Does the Taliban have connections with Al Qaeda? 

In recent months, since the US-Taliban deal in March, there have been increasingly conflicting accounts emerging from different US official voices regarding what the Taliban is doing in relation to fighting terrorism. 

“One person is saying Taliban is helping fight terrorism and the other person is saying that Taliban has ties with Al Qaeda. There is not one unified view on this issue in Washington,” the analyst says. 

But the Taliban denies both any involvement regarding the Russian bounty program, and attacks against US troops. 

“These kinds of deals with the Russian intelligence agency are baseless — our target killings and assassinations were ongoing in years before, and we did it on our own resources.
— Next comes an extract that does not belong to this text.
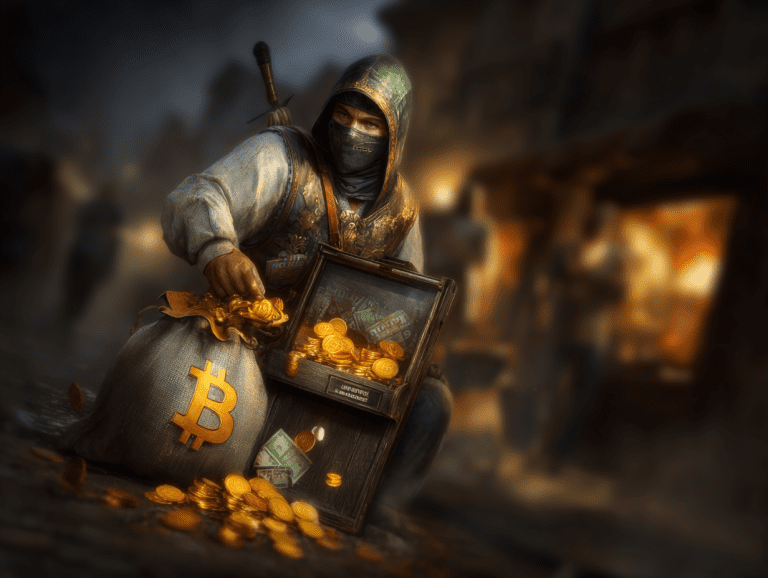 Editorial illustration of a masked crypto gambler in a hood, holding a chest of gold coins and cash with a large Bitcoin bag at his side, symbolizing the risks of online crypto gambling.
That changed after our deal with the Americans, and their lives are secure and we don’t attack them,” said Zabihullah Mujahid, a Taliban spokesman. 

There was not, however, a specific response to the recent Pentagon report. In early June, the group rebuked a previous UN document which also claimed that the Taliban holds connections with Al Qaeda. 

"The Taliban regularly consulted with Al-Qaida during negotiations with the United States and offered guarantees that it would honour their historical ties. Al-Qaida has reacted positively to the agreement, with statements from its acolytes celebrating it as a victory for the Taliban’s cause and thus for global militancy," the UN report asserted.

Alam is certain “they have some connections.” He remains unsure, however, as to whether it is a strong one.

“The Taliban is purely an Afghan movement with no interest beyond its borders while Al Qaeda is an international organisation [with global aspirations],” he concludes.